They say that the proof is in the pudding. And I say it’s also in the skillet-roasted chicken, the green gazpacho, the risotto with asparagus and peas, the braised lamb shanks with olives and the hazelnut soufflé.

The proof I’m talking about is how well the recipe does its job. Preparation steps and cooking techniques all clearly spelled out? Ingredients all accounted for and in order? Cooking times accurate, descriptions of what “done” means easy to understand, the final product delicious?

Ultimately it’s about how dependable the recipe is. This is one of the key tasks in the work I’ve been doing for over 15 years. Making sure that when I sign off on a recipe and it goes out to the world, that everyone who uses that recipes stands a fighting chance of having good results.

I hate the image of a reader in his/her kitchen having just dutifully followed every step carefully and meeting with some less-than-delicious or -successful outcome, who thinks to themself that they must have done something wrong. Too often, it’s the recipe that did something wrong.  My hope is to be the source of that scenario of frustration as seldom as possible. It’s why I test recipes like mad to work out as many kinks as possible before they get in anyone else’s hands.

Having just done some math in my head (oh…okay, I admit I used a calculator), there are about 1000 recipes in the eleven cookbooks I’ve written and/or tested recipes for in the past dozen or so years. Some recipes were my own (my Northwest Homegrown series), many of them collected from a few hundred different restaurants (five Best Places cookbooks), two came from working in close collaboration with a co-author (Rover’s and Memorable Recipes).

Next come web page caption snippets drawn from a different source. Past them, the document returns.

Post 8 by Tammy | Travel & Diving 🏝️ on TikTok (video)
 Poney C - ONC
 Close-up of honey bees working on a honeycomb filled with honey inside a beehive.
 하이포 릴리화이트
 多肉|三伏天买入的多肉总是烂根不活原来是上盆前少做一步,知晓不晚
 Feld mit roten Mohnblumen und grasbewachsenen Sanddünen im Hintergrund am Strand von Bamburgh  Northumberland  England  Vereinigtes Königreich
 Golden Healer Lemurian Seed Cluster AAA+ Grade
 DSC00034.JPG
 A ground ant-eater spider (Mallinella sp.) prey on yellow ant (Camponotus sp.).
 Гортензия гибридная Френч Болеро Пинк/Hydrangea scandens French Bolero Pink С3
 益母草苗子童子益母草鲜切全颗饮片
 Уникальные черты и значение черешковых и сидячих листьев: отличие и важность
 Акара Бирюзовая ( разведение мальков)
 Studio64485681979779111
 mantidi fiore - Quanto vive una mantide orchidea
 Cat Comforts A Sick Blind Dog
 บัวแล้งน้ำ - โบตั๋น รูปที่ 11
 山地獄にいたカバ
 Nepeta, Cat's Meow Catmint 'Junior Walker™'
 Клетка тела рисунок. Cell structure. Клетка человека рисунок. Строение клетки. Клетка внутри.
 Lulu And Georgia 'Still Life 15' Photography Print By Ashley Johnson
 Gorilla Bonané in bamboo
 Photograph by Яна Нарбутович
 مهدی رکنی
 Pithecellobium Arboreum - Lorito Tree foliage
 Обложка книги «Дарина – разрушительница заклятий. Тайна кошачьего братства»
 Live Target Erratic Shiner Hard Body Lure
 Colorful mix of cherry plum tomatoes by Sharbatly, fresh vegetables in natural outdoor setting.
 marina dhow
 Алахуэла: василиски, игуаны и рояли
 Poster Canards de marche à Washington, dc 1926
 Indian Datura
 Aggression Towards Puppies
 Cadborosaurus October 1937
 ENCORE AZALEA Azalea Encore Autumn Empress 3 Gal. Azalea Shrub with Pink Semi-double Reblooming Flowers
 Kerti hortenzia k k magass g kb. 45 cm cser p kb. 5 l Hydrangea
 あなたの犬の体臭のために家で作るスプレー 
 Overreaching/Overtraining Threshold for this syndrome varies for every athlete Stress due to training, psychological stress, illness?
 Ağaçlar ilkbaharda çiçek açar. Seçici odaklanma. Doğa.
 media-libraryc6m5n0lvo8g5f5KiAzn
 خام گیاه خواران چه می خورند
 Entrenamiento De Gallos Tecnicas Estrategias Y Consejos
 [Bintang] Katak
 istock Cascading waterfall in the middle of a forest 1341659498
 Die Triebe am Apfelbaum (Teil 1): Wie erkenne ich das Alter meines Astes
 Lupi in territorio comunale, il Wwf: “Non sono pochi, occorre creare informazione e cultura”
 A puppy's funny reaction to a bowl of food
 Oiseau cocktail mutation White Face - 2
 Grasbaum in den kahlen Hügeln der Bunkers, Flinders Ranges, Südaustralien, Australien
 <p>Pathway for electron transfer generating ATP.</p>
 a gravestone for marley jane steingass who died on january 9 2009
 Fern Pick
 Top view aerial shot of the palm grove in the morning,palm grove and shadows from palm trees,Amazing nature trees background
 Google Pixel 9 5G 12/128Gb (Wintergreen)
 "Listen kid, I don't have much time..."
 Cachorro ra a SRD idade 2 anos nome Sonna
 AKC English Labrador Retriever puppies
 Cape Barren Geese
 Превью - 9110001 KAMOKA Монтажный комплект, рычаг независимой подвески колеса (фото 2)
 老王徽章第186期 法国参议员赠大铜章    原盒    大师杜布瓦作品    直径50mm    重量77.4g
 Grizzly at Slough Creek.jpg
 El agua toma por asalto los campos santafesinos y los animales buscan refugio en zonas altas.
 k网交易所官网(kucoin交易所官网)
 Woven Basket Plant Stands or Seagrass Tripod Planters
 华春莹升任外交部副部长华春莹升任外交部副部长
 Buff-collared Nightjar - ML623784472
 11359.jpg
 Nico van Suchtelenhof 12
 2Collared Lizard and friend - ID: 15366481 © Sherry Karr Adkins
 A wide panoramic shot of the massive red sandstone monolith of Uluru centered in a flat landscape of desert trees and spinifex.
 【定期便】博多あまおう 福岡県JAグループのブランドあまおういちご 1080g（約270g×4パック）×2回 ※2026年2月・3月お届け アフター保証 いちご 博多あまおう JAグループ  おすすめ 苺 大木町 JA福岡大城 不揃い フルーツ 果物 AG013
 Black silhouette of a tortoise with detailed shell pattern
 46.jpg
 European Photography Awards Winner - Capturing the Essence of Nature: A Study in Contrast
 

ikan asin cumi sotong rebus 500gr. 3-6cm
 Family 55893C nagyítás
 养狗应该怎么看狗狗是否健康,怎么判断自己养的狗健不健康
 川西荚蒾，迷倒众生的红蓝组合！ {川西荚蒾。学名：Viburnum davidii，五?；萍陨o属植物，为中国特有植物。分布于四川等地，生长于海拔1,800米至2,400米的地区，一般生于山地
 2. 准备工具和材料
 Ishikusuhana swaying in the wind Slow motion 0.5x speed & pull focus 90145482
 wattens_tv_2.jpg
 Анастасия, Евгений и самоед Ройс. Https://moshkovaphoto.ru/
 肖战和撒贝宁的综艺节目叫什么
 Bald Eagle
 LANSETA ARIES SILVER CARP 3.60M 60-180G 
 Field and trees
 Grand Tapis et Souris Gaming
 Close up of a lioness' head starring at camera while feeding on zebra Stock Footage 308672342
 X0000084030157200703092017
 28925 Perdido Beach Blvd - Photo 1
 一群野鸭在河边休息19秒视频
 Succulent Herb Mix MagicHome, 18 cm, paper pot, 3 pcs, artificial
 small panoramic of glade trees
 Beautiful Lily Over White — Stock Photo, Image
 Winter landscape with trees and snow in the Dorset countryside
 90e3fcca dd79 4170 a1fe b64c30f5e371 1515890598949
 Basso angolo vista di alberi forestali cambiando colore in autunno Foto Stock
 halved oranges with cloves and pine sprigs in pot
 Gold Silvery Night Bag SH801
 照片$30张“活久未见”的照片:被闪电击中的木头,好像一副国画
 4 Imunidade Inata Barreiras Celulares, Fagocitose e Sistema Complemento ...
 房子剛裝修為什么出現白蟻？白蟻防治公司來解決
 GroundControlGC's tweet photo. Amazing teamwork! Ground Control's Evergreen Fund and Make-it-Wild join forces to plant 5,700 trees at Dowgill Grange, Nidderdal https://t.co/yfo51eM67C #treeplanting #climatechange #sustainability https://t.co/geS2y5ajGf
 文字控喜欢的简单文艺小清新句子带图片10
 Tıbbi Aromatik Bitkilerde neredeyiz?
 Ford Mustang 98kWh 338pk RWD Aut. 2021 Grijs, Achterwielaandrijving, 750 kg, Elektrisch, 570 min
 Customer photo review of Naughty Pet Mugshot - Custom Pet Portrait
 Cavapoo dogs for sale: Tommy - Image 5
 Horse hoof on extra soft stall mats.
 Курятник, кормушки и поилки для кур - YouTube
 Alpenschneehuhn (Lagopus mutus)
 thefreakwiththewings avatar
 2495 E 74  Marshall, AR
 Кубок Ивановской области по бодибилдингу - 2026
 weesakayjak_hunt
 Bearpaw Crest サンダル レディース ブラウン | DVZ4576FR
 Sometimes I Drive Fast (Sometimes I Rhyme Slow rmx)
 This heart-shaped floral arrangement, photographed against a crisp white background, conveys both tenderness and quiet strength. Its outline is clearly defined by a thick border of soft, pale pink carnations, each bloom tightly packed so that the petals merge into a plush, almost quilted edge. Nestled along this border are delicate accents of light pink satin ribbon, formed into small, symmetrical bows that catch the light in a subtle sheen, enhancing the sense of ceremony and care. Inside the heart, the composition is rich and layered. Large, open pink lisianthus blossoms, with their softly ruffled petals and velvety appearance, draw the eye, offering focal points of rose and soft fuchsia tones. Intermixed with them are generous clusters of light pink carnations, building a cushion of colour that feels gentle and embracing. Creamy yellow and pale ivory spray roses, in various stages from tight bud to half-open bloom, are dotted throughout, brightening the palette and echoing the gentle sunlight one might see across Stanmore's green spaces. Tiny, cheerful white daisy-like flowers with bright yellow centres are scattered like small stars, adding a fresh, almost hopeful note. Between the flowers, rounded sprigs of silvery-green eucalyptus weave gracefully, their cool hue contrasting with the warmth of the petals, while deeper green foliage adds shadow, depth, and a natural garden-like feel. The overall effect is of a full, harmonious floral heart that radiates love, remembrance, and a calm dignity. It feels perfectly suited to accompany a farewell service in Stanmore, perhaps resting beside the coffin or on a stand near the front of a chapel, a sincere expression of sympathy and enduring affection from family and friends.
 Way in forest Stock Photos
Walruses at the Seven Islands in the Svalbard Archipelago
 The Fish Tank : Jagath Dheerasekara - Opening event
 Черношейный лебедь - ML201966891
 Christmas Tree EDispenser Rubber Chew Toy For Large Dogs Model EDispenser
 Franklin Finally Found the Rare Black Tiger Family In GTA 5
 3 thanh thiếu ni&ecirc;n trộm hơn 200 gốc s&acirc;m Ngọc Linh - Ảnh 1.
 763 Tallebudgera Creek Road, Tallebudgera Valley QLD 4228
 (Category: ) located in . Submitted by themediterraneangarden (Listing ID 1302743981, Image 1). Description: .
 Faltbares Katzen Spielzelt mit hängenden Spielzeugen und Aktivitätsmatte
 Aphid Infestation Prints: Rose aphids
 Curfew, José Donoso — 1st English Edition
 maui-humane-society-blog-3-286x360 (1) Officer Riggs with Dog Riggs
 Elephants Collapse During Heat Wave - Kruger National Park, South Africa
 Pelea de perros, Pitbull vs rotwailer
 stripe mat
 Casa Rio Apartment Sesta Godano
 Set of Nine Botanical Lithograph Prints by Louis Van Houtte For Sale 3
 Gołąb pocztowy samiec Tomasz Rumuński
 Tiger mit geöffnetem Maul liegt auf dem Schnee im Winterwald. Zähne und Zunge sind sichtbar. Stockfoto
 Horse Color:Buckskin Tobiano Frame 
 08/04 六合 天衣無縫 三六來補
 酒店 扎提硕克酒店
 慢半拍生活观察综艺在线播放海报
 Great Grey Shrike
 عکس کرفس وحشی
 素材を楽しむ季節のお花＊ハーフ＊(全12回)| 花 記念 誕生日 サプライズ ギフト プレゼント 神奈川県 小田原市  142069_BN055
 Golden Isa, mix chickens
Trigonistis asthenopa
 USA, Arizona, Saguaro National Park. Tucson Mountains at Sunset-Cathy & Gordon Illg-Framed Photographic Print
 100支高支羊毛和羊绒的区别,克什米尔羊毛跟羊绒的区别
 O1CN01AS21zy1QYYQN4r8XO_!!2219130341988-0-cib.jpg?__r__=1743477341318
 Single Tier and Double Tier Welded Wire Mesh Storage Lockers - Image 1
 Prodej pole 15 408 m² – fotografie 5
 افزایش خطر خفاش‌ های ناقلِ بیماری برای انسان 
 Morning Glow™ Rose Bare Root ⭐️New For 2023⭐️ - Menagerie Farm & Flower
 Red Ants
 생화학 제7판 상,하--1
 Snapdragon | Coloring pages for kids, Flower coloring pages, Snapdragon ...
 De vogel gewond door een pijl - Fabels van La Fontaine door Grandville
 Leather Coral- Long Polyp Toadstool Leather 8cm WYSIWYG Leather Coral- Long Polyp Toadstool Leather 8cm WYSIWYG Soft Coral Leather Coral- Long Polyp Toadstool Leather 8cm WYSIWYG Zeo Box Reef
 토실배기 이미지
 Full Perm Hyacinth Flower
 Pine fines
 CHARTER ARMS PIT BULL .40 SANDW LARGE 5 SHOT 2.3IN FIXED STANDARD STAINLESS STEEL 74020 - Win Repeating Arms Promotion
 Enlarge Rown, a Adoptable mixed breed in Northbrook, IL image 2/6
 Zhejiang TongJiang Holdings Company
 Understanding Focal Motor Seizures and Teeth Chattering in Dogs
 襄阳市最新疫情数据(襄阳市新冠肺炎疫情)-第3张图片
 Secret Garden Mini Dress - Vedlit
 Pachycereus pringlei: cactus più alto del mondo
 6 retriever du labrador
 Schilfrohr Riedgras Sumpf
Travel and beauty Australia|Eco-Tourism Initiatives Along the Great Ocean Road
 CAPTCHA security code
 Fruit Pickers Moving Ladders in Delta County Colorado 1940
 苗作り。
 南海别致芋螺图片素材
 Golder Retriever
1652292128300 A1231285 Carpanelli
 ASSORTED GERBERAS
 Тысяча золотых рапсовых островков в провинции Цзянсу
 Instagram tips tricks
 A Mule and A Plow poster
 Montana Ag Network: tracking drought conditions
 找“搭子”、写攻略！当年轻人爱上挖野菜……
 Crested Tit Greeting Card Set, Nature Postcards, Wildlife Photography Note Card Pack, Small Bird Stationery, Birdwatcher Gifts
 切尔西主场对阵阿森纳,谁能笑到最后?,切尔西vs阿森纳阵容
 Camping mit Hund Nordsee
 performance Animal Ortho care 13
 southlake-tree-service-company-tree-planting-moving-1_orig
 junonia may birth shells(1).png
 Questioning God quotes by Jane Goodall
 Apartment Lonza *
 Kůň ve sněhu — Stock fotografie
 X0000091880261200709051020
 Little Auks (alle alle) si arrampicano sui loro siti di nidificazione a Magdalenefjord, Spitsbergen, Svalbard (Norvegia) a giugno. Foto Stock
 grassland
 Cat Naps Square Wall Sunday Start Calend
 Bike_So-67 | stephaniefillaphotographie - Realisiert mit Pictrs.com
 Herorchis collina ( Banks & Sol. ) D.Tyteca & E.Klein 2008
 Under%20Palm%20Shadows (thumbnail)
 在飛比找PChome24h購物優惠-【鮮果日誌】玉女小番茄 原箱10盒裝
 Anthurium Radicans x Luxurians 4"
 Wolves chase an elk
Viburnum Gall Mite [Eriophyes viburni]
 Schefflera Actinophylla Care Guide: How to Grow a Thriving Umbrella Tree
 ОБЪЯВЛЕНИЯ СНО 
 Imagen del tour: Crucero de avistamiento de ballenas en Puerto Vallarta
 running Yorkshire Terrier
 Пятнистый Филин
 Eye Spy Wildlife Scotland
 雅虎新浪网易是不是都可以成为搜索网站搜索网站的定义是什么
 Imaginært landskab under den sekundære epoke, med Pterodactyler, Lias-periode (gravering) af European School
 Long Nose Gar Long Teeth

That number doesn’t count multiple tests of a single recipe, nor the many dozens that were tested but didn’t make the final cut. I’d say that easily doubles (maybe even triples) the figure. Lots and lots of recipe testing.

Recipe testing is one of the most important skills that was packed in my tool kit when I came home from my time at La Varenne in France. I had the phenomenal good fortune of having picked a culinary school whose owner, Anne Willan, was (and still is) a prolific cookbook author. As part of my editorial stagiaire (like internship) duties, I helped with a number of cookbook projects doing recipe research, writing….and testing. I learned that–done right–testing is a really detailed process that takes a lot of careful attention and note-taking. Every minute of sauteing/baking/reducing time is carefully monitored, descriptions of specific techniques scrutinized, tastes along the way to verify the flavors are building as desired. Careful testing cloaks the recipe in confidence of its reliability.

I am going to be on a recipe testing rampage for the next few months. In a near-future couple of posts, I’ll tell you more about the specific projects in question. In the mean time I just wanted to bend your ear about this behind-the-scenes part of the cookbook process that I figure most readers aren’t too aware of.

And I have a question. Do you ever stand in the kitchen in the midst of a recipe and hit a wall, whether it’s a technique not well described, an ingredient you don’t know how to approach, a piece of equipment you don’t have, an expectation by the author that isn’t reasonable in your home kitchen? I’d love to hear any of your recipe-frustration stories. To better understand the challenges that pop up in “real world” situations outside my own home kitchen. And to get a little bit better at making sure my own recipes avoid those pitfalls.